According to this model \(\mathcal {T}^k(r_k)\), one minimum for a number of active machines is obtained since \({\mathcal {TC}}^k(r_k)\) is an increasing function and \({\mathcal {P}}^k(r_k)\) is also an increasing function for \(r_k\). Therefore, \(EE(r_k)\) achieves a maximum for \(r^o_{k_o}\) machines.

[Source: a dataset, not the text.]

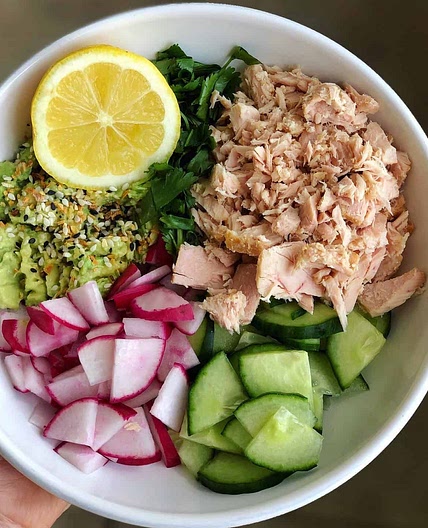 Healthy Tuna Salad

Then, from the point of view of the SMACOF usage, to optimize EE, it should be identified \(r^o_{k}\) on the set of available platforms for the sizes problem and choose the platform \(k_o\) which optimizes EE, i.e. achieves \(EE(r^o_{k_o})\). Modern computers provide two different platforms, multicore processors and GPUs and the number of kinds of platforms can increase if clusters of heterogeneous nodes with several kinds of multicore and GPUs platforms are available. We have defined a heuristic to decide what is the best platform to run their particular instances of the parallel SMACOF. Our proposal is organized in two stages, first the identification of the optimal configuration of every platform and second the selection of optimal platforms and configurations. Previous considerations about the EE model help us to define an efficient benchmarking exploration to find the optimal configurations on every platform. Therefore, selective search described in Algorithm 3 can be used to find the optimal platforms and their configurations in the benchmarking process.

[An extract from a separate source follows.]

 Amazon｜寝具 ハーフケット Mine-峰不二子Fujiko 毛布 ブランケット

As above mentioned, the benchmarking is usually based on the execution of a significant core of the application. SMACOF consists in an iterative procedure to compute the Guttman transforms. The computational cost of every iteration is the same; therefore, a subset of iterations can be considered as the SMACOF significant core to compute the profiling in a efficient way. SMACOF can be configured using the information provided by this preprocess based on exploration of several resources selection on particular combinations of platforms and data sizes.


Experimental evaluation

In this section, the SMACOF algorithm to solve MDS problems is evaluated in terms of runtime and energy efficiency on three computational architectures:

\(\mathcal {F}_1\) :

: Bullion S8: 4 Intel Xeon E7 8860v3 (16 \(\times \) 4 CPU-cores);

\(\mathcal {F}_2\) :

: Bullx R421-E4 Intel Xeon E5 2620v2 (12 CPU-cores and 64 GB RAM);

\(\mathcal {F}_3\) :

: NVIDIA K80 (composed by two Kepler GK210 GPUs) connected to the host Bullx R421-E4 Intel Xeon E5 2620v2.

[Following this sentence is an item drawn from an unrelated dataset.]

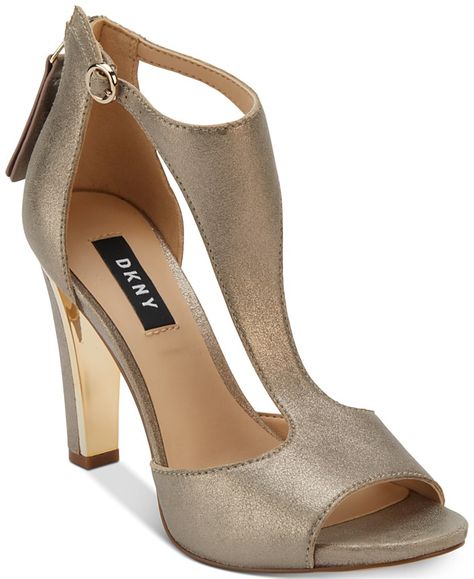 Gold High Heels - Macy's Heel Styles, Gold High Heels, Africa Dress, Ankle Strap Sandals Heels, Fashion Slippers, Strap Sandals Women, Ankle Strap Pumps, Strap Pumps, Slingbacks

\(\mathcal {F}_1\), \(\mathcal {F}_2\) and \(\mathcal {F}_3\) run Ubuntu 16.04 LTS and \(\mathcal {F}_3\) runs CUDA Toolkit 8. The programs have been compiled using gcc 5.4.0 and nvcc 8.0.44 with optimization flags O3 for GPU architecture 3.5. For the acquisition of energy measurement data, we have collected this information from various hardware counters. For Intel, we have used the Running Average Power Limit (RAPL) interface and, for NVIDIA, the NVIDIA Management Library (NVML).

For the evaluation of SMACOF, test problems of different sizes defined by values of m, n and s have been considered (see Table 1). For this experimental investigation, randomly generated input data were used. The number of evaluated iterations of the SMACOF algorithm has been 100.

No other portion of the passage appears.